La depressione puerperale, un disturbo dell’umore, colpisce tra il 7 e il 12% delle donne in Italia con intensità variabile. Una che condizione che può “manifestarsi fino a un anno dopo il parto, anche se generalmente compare entro sei mesi”.
A richiamare l’attenzione sul fenomeno e su come ndividuarne precocemente i segnali di rischio è la Fnopo, in occasione della Giornata Mondiale della Salute Mentale
“La depressione puerperale – ha spiegato Gabriella Gentile, Consigliera della Federazione Nazionale degli Ordini della Professione Ostetrica (Fnopo) – va distinta dalla Baby Blues, una forma lieve e transitoria che si risolve spontaneamente entro 10‑15 giorni dal parto. Al contrario, la depressione post-partum può provocare sintomi più severi, tra cui tristezza persistente, senso di vuoto, irritabilità, perdita di interesse per le attività abituali, disturbi del sonno, affaticamento, difficoltà di concentrazione e, nei casi più gravi, pensieri suicidari o di far del male al neonato. La forma più rara e grave, la psicosi puerperale, richiede un intervento immediato ed è caratterizzata da deliri e allucinazioni”

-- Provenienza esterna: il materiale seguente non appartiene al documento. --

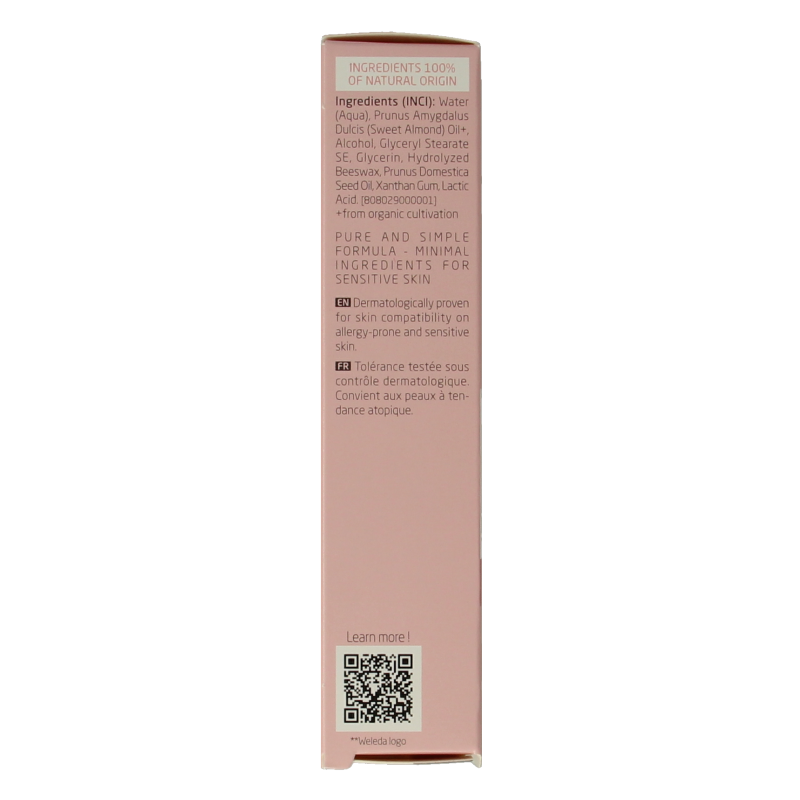 Weleda Gezichtscreme sensitive hydraterend light 30 Milliliter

Fattori di rischio e conseguenze La letteratura evidenzia i diversi fattori che aumentano il rischio di depressione puerperale: “Una storia personale o familiare di disturbi psichiatrici, cambiamenti ormonali, stanchezza intensa, prima gravidanza, giovane età, mancanza di supporto sociale e condizioni socio-economiche difficili. Eventi stressanti prima o durante la gravidanza possono contribuire ulteriormente. Le conseguenze di una mancata presa in carico sono evidenti sia per la madre sia per il bambino. La donna può avere difficoltà a prendersi cura del neonato, peggiorare il proprio stato emotivo e andare incontro a cronicizzazione della malattia. Il bambino, invece, può subire ripercussioni sul bonding madre-figlio e sullo sviluppo emotivo e cognitivo”, spiega Gentile. Anche le relazioni familiari ne risentono. “Nonostante la rilevanza del problema, molte donne non ricevono una valutazione specifica, e si stima che solo circa la metà dei casi venga adeguatamente riconosciuta”, denuncia la professionista sanitaria.
Strumenti di screening: l’Epds Per individuare precocemente i segnali di rischio, vengono utilizzati strumenti di screening, tra cui l’EPDS (Edinburgh Postnatal Depression Scale), il più diffuso in Italia sia durante la gravidanza sia nel puerperio fino a un anno di vita del bambino. Come spiega Gentile, si tratta di “un questionario autosomministrato di dieci items che valuta umore, ansia, isolamento e pensieri suicidari. L’autosomministrazione è rapida (circa 5 minuti) e ben accettata, e il cut‑off può variare a seconda del contesto (popolazione vs clinica), influenzando sensibilità e specificità”. Gentile ricorda che “il questionario non sostituisce il colloquio clinico, che resta indispensabile: se il punteggio risulta positivo, si integrano valutazioni cliniche e psicologiche più strutturate”.